Dredge beaver tails in seasoned flour.
Melt butter in heavy fry pan and saute tails at low heat until tender.
Mix wine with mustard, sugar, garlic powder and Worcestershire sauce.
Add to beaver tails and simmer gently for 10 minutes, basting frequently.
From "Northern Cookbook" edited by Eleanor A. Ellis, Indian Affairs and
Northern Development, Ottawa 1973.
A note received from Jimm Gordon:
Born and raised in the Big Belt Mountains of Montana, every winter fried
beavertail was a culinary treat that would grace our table on a weekly
basis. I was tickled to see a recipe for it in your bizarre foods section,
but noted one area of the recipe that I thought needed clarification.
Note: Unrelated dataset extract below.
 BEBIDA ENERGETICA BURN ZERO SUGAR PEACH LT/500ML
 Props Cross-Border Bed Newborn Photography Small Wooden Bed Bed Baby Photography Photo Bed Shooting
One
does not, in the usual fashion, "skin" a beavertail. The thick, scaley hide
adheres too tightly to the gristly flesh for that to be a good option.
Oldtime beaver eaters had a little trick that made getting the hide off a
snap.
Stick a barbecue fork into the "meat" end of the beavertail, then "toast" it
like a marshmallow over the woodstove or electric burner or other heat
source. As it toasts, the hide puffs away from the meat like a slowly
expanding balloon. After a few minutes you can strip it away and trim the
edge, leaving you with a nice filet of greasy pink/white meat for your
recipe.
The smell is not charming, but it's not as bad as some things. And the taste
(and saved work) is worth it. Just thought I would share that tip.